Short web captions
※

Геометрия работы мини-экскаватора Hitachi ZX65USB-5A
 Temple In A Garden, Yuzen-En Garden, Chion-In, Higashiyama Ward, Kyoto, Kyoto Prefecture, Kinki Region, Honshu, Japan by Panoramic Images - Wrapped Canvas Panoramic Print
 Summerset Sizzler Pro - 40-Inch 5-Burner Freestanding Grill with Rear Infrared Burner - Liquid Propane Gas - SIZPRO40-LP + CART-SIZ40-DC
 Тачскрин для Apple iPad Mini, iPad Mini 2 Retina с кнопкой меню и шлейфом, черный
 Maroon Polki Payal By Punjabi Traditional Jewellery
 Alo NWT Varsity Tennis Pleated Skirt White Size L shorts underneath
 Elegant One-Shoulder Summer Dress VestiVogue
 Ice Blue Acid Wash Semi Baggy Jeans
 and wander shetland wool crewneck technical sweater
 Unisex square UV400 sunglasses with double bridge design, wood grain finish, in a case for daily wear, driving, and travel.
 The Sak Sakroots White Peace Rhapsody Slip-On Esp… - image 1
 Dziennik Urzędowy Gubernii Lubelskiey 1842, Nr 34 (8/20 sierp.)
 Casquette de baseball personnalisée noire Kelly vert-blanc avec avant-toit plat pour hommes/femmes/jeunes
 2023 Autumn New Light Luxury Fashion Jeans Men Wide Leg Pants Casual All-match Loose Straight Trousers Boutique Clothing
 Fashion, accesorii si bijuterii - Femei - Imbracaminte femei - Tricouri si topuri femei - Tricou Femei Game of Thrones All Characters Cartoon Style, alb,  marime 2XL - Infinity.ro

※

> _DIRECTIONS FOR THIS TASK_: Word for word, restate the lines of the data above that fall between the line holding "Alo NWT Varsity" and the line holding "Dziennik Urzędowy Gubernii", inclusive, and no other lines.

> _ANSWER TO THE EXERCISE_:
 Alo NWT Varsity Tennis Pleated Skirt White Size L shorts underneath
 Elegant One-Shoulder Summer Dress VestiVogue
 Ice Blue Acid Wash Semi Baggy Jeans
 and wander shetland wool crewneck technical sweater
 Unisex square UV400 sunglasses with double bridge design, wood grain finish, in a case for daily wear, driving, and travel.
 The Sak Sakroots White Peace Rhapsody Slip-On Esp… - image 1
 Dziennik Urzędowy Gubernii Lubelskiey 1842, Nr 34 (8/20 sierp.)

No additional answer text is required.